Von Dr. Klaus Olshausen
In Alaska hat der Aggressor Putin vom US-Präsidenten Trump womöglich Zustimmung zu einigen seiner „root causes“ erhalten. Dass Trump seine Waffenstillstandsforderung aufgegeben hat und der Krieg bei Verhandlungen weitergehen wird, ist ein erhebliches, risikoreiches Zugeständnis. Das mag ein Zeichen sein, dass Trump für ein Ende des Krieges weiteren Druck auf Selenskyj ausüben will. Eine Unterwerfung der Ukraine, das aktive Ziel Putins, kann so unterstützt werden, weil Trump den Krieg „loswerden“ will. Wenn die Europäer am Ziel eines gerechten und dauerhaften Friedens festhalten, müssen sie die Verteidigung der Ukraine massiver und schneller unterstützen, damit die Frontlinie eher zu ihren Gunsten verändert werden kann. Die erörterten Sicherheitsgarantien müssen – wenn ein schneller NATO-Beitritt nicht möglich ist – überzeugend sein. Sie haben den Nachteil, dass sie erst nach dem Abschluss einer Vereinbarung gelten sollen. Dann aber müssen sie mindestens die volle Mitwirkung bei kollektiver und individueller Selbstverteidigung gem. Artikel 51 der VN-Charta bei jeder neuen gewaltsamen Aktion zusagen.

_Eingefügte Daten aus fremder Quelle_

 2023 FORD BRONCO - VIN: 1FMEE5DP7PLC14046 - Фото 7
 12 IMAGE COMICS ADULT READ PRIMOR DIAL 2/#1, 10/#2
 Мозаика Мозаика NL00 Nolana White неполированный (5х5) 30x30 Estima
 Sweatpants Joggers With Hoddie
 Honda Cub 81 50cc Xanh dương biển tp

Es kommt in diesem Angriffskrieg Russlands nicht darauf an, der Ukraine (um des lieben Friedens willen) etwas aufzuzwingen, sondern den Aggressor zurückzuweisen. Wenn Europa das in der Ukraine noch nicht einsieht, wird es dieser Notwendigkeit später unter noch schwierigeren Umständen und weit höherem Aufwand und Kosten begegnen müssen.
Analyse
Letzte Woche habe ich „Jalta 2.0“ noch mit einem Fragezeichen versehen. Keine 24 Stunden nach dem Treffen von Präsident Trump mit Präsident Putin, das den Russen mit allen Elementen eines Staatsbesuchs hofierte, besteht die Sorge, dass aus dem Fragezeichen ein Ausrufezeichen wird. Die einzige inhaltliche Aussage bestand darin, dass Trump seine Forderung nach einem Waffenstillstand hat fallen lassen und Putins Forderung übernimmt, dass Verhandlungen bei Fortsetzung der massiven Waffengewalt Russlands gegen die Ukraine verlangt werden. Trump hat damit gezeigt, dass er diesen Krieg Putins der Ukraine und ggf. den Europäern überlässt. Das deckt sich mit den Aussagen seines Vizepräsidenten, der keinerlei eigene Unterstützung mehr für die Ukraine leisten will, es sei denn, die Europäer bezahlen dafür.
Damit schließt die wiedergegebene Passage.